But............... the life blood is the new members coming on board. Isnt it amazing that over 1000 members have signed in since the big crash!!!!!!!!!!!

Woody, 
We have a good thing going here.
MM


----------



## Jim Thompson

Milkman said:
			
		

> Woody,
> We have a good thing going here.
> MM



Marvin, it cannot be said any better.  

I started "lurking" in April or so when the forums were just kicking off and then joined ol Woody and the gang (all 300-500 or so members) in July.  Man what a ride it has been.

Jim


----------



## pendy

And oh what a campfire we have. Thamks Woody and everyone else that makes this forum possible. Keep up the good work.


----------



## deerslayer1988

Thanks again Woody and all the MOD's


----------



## Milkman

I dug around and found this thread from right after the big crash of 2004.


----------



## Hooked On Quack

Cool bone digging Mr. Marvin !!


----------



## JustUs4All

Y'all old timers can be justifiably proud of what you put together here and kept up.


----------



## Nicodemus

JustUs4All said:


> Y'all old timers can be justifiably proud of what you put together here and kept up.




Yep.


----------



## Ruger#3

Marvin, thank you.
One could work many years here and not do anything like y’all did.
What an accomplishment.


----------



## elfiii

Milkman said:


> I dug around and found this thread from right after the big crash of 2004.
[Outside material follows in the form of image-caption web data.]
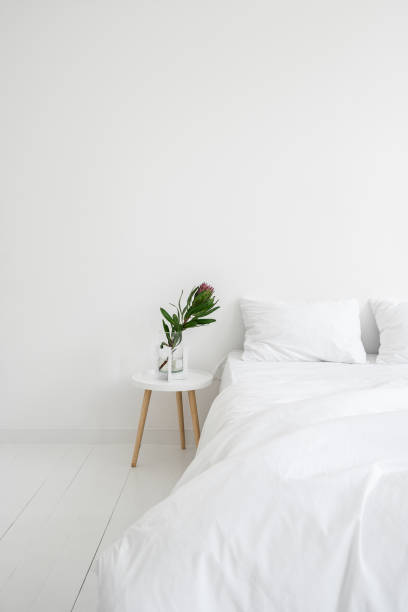 istock Bedroom in white apartment with modern interior design 1351642448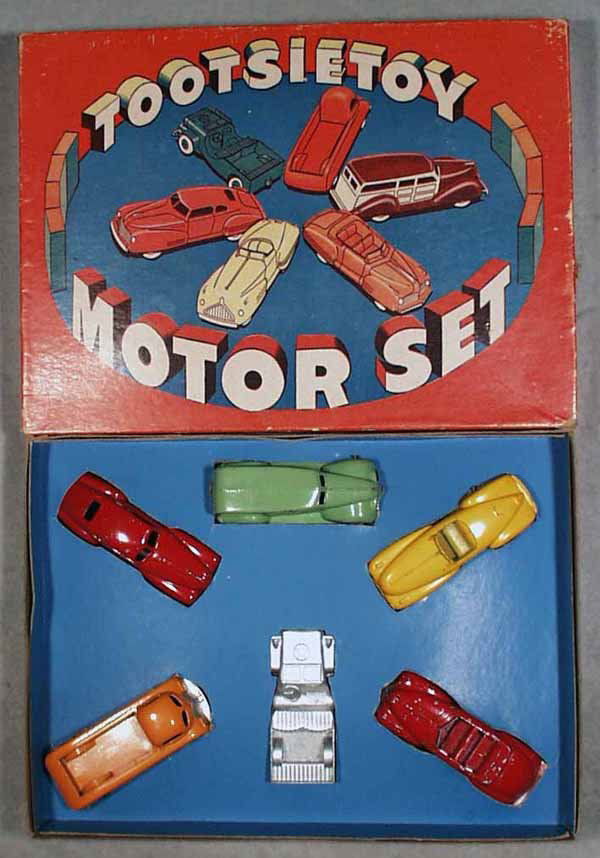 TOOTSIETOY 7200 MOTOR SET: 1946, contains red Buick Special, green Ford Wagon, front bumper broken, yellow Buick Y, red Chrysler Windsor, silver Jeep, orange Hudson Pick Up, all have postwar black tires, orig box & insert minor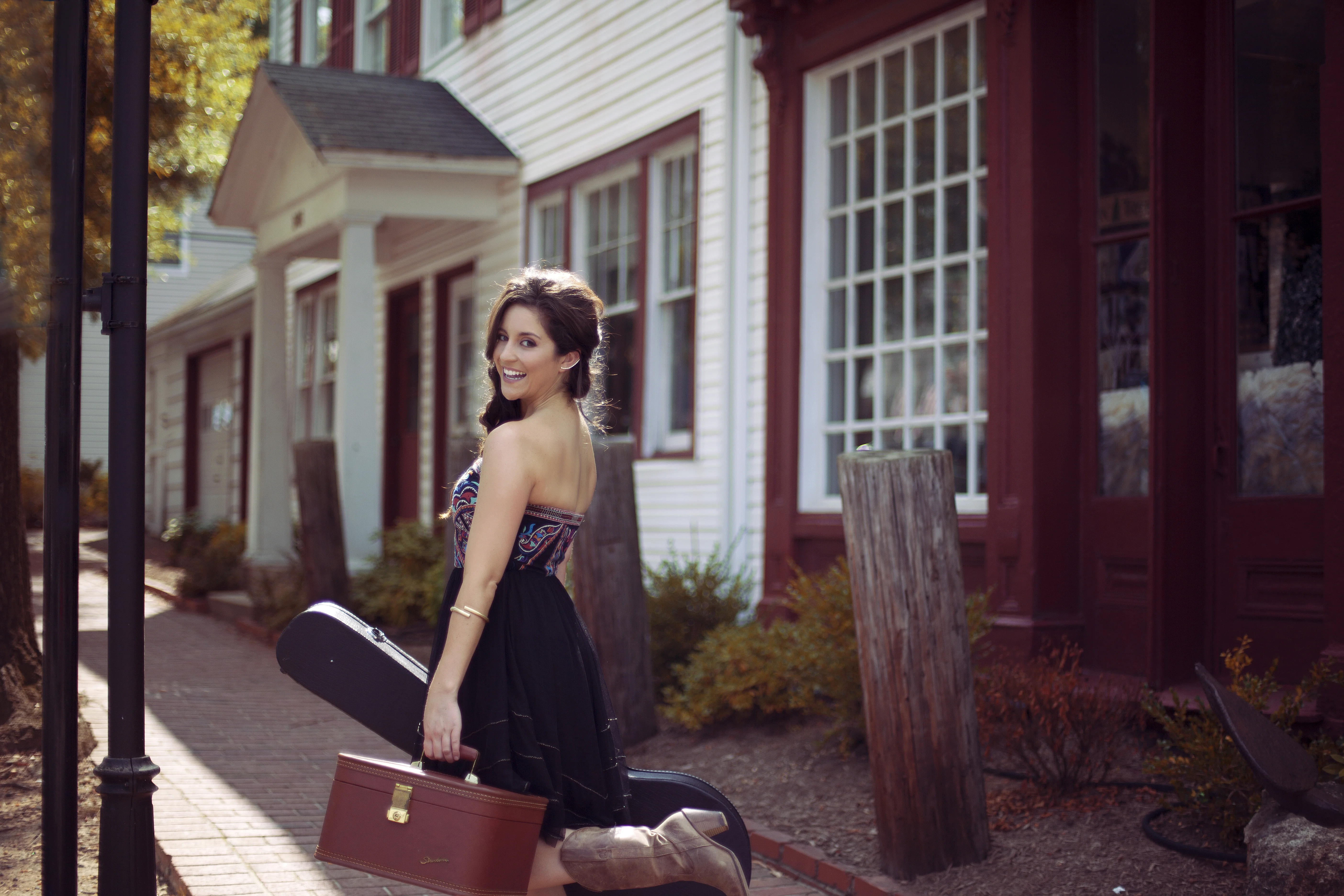 a woman sitting on a bench with luggage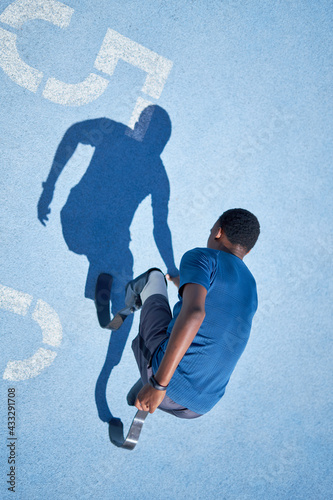 Male amputee sprinter on blue sports track photo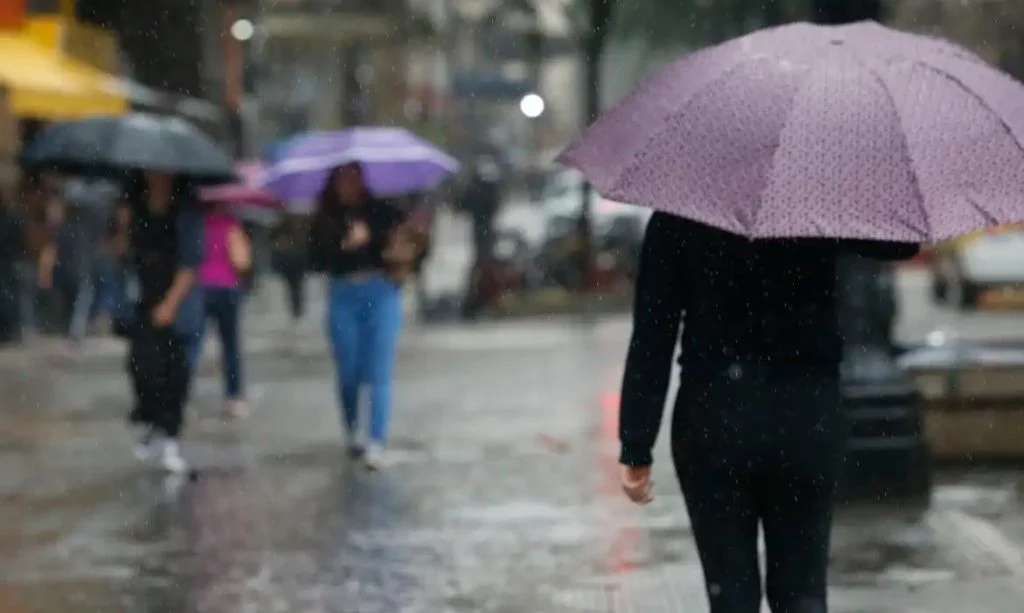 Mulher caminha na chuva com sombrinha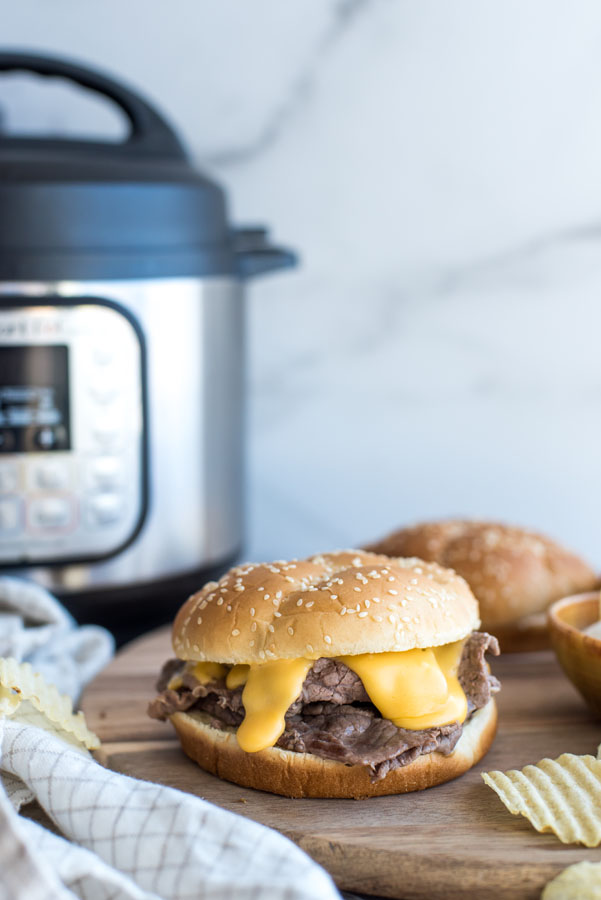 sliced beef and melted cheddar cheese sandwiches on a cutting board in front of an Instant Pot pressure cooker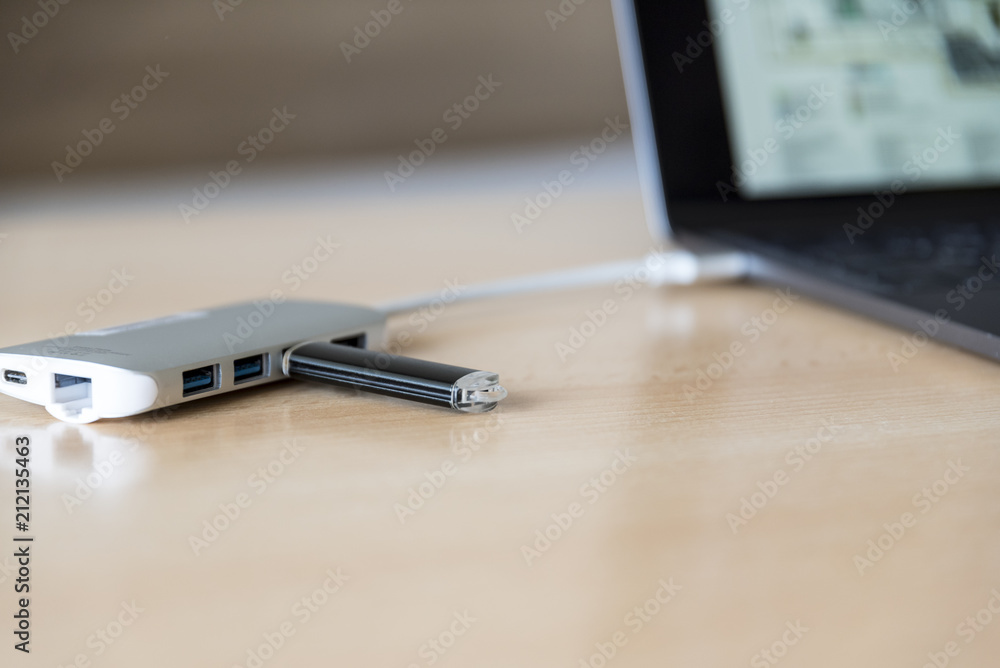 USB adapter with a USB flash drive and Type-C connector installed in a laptop USB adapter with a USB flash drive and Type-C connector installed in a laptop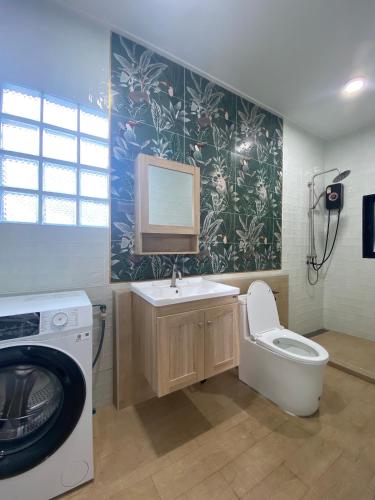 a bathroom with a washing machine and a toilet at Morgen Resort24h in Ban Don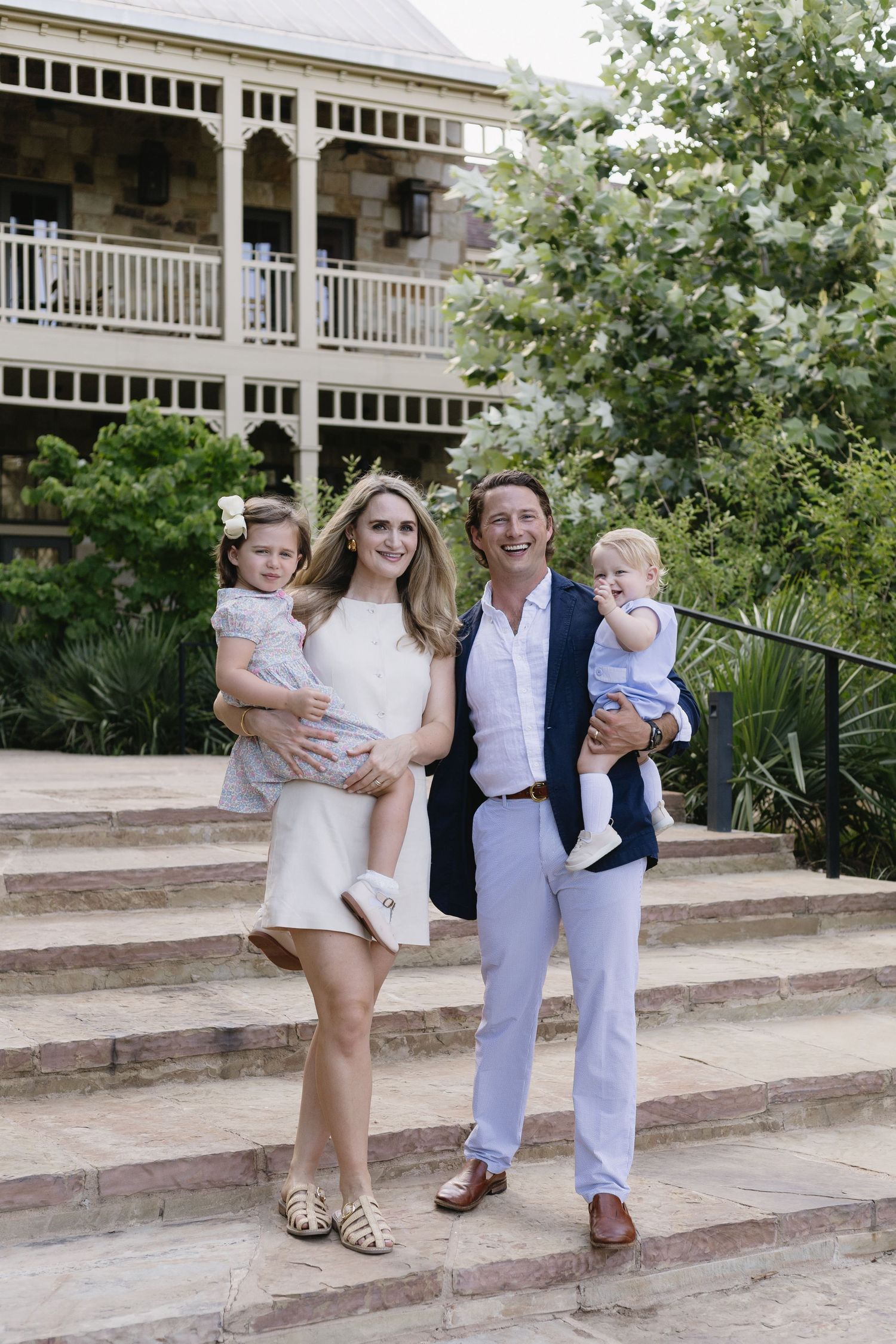 A smiling family of four poses on stone steps, parents holding two young children, with a historic building behind them.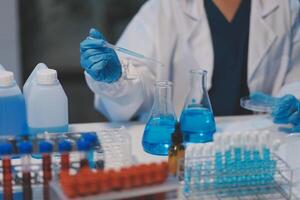 Group of dedicated scientist conduct chemical experiment in medical laboratory, carefully drop precise amount of liquid from pipette into test tube for vaccine drug or antibiotic development. Neoteric photo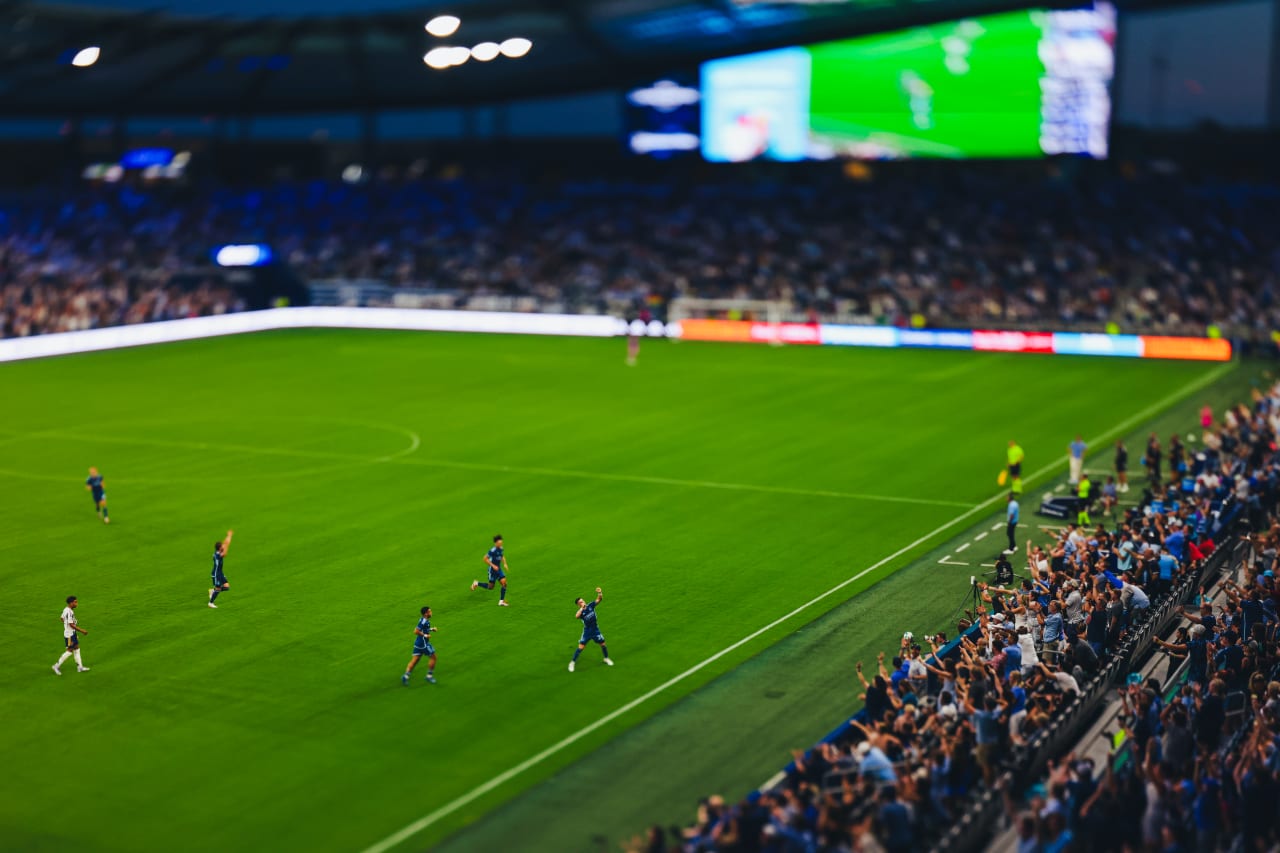 Sporting KC forward Erik Thommy celebrates with his signature "bow and arrow" celebration after his goal vs Real Salt Lake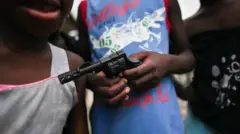 Niños sostienen una pistola de juguete en Buenaventura, Colombia, en 2021.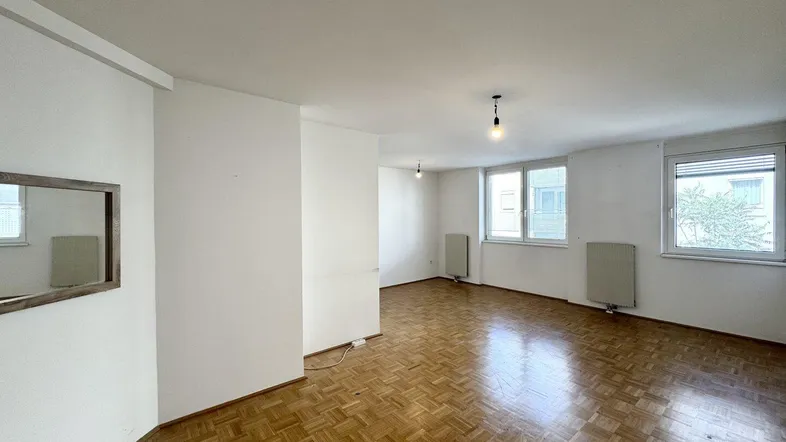 Helles, leeres Wohnzimmer mit Parkettboden und mehreren Fenstern, bereit zur individuellen Gestaltung.
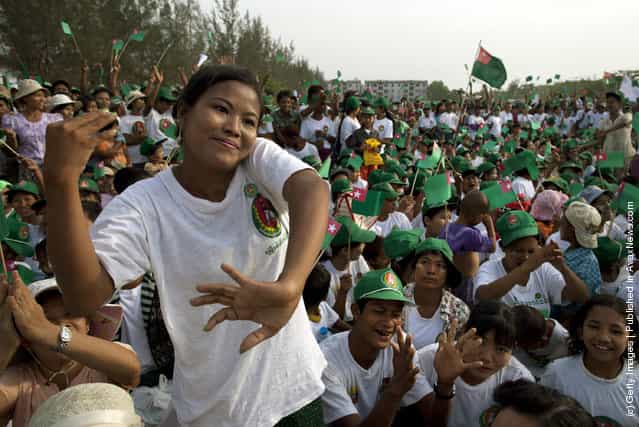 Burmese cheer at a rally with the government sponsored Union Solidarity and Development Party (USDP) by former military general, and General Secretary U Htay Oo ahead of the parliamentary elections
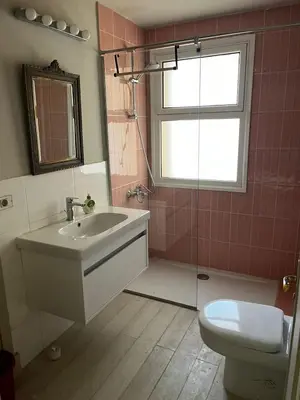 a bathroom with a sink and a toilet and a window at Modern Marina View 2 beds apt -New Marina-El Gouna in Hurghada
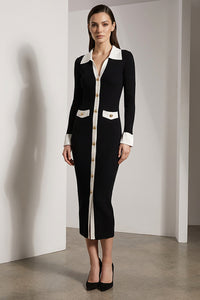 Μαύρο πλεκτό φόρεμα με λευκές λεπτομέρειες και χρυσά κουμπιά, φορεμένο από μοντέλο studio.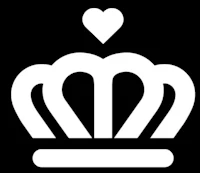 a white crown with a heart on it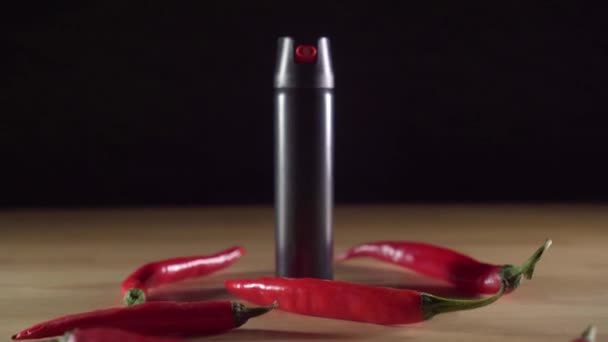 black pepper spray bottle on the table - Séquence, vidéo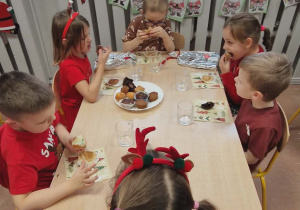 Dzieci siedzą przy stolikach i jedzą babeczki.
Great detective work Marvin! I recognized most of the names in this thread from back then. You and Jim got stickin' power!


----------



## Hoss

Lot of good folks have sat around this campfire.  I recognize most of the names.  Sure wish we could gather up these old members and sit and reminisce about those early days.


----------



## kmckinnie

I’m blessed to be a part of this Fantastic voyage ! ?


----------



## Jeff C.

Glad I found it, that’s for sure.


----------